Ispán of Borsod
- Reign: 1299–1308
- Predecessor: James Borsa (?)
- Successor: Blaise Fonyi (1325)
- Died: after 1308
- Noble family: gens Rátót
- Spouse: N Ákos
- Issue: Benedict Kaplai Ladislaus Feledi Nicholas II
- Father: Leustach II

= Desiderius Rátót =

Hungarian baron (died 1307)

Desiderius (I) from the kindred Rátót (Rátót nembeli (I.) Dezső; died after 1308) was a Hungarian nobleman and soldier, who served as ispán of Borsod and Gömör counties at the turn of the 13th and 14th centuries. He was the ancestor of the Kaplai (or Serkei) and Feledi noble families.

==Family==
In contemporary records, he was also called Desiderius the Blind (Vak Dezső). He was born into the influential and prestigious gens (clan) Rátót, as the son of magister Leustach II. His grandfather was Dominic I, who was killed in the Battle of Mohi in 1241. Desiderius had a brother Roland II, ancestor of the Jolsvai family and a notable baron of the so-called feudal anarchy, who served as Palatine of Hungary. Desiderius married an unidentified daughter of Stephen Ákos, a powerful oligarch in Northern Hungary, whose another daughter was the wife of Beke Borsa.

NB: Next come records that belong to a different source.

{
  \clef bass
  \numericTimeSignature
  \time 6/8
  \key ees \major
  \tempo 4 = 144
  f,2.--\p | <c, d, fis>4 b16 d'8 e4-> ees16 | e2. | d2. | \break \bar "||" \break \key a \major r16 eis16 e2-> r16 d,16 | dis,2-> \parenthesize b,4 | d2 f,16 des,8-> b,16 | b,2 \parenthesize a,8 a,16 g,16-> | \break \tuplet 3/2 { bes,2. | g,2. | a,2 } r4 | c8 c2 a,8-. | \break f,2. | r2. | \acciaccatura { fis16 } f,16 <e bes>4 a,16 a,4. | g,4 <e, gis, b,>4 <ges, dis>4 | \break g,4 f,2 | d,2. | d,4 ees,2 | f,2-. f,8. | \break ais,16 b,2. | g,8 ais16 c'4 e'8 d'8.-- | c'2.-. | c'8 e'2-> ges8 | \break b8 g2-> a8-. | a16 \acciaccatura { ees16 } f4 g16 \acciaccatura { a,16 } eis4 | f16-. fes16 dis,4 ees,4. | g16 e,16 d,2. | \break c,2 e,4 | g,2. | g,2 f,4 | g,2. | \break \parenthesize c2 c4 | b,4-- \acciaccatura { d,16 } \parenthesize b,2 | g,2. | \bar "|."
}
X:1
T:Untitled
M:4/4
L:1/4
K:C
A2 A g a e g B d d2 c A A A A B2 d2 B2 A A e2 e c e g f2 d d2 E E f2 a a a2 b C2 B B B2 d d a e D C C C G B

These marriages established a strong relationship and alliance between the three kindreds.

Desiderius had three sons; Benedict married Margaret Telegdi, and was the first member of the Kaplai (also Serkei) family, which later had divided into two another branches (Lorántfi and Dezsőfi) and flourished until the early 16th century. Desiderius' second son Ladislaus was the ancestor of the Feledi family, which remained a marginal kinship in Gömör County. The third son was Nicholas II, who had a son Ladislaus (born 1361, and died without heirs) and a daughter Elizabeth.

==Life and career==
Desiderius first appeared in contemporary records in 1275. During the political crisis of 1280, King Ladislaus IV adopted new Cuman laws under the pressure of the Catholic Church. However, many Cumans decided to leave Hungary instead of obeying the papal legate Philip's demands. On their way to the frontier, they ravaged and looted many settlements and estates. Desiderius, his brother Roland and two of his cousins, Rathold II and Nicholas "Vecse" successfully defended the Cistercian monastery at Egres (present-day Igriș in Romania). Thereafter Desiderius and several other members of the Rátót clan participated in the royal military campaigns against the Cumans. Desiderius was present at the siege of Gede Castle (present-day Hodejov, Slovakia), where the rebellious Finta Aba barricaded himself in mid-1281. He also fought against the Cumans in the battle at Lake Hód (near present-day Hódmezővásárhely) in 1282. It is plausible he had a strong relationship with his future father-in-law Stephen Ákos, who also participated in these clashes.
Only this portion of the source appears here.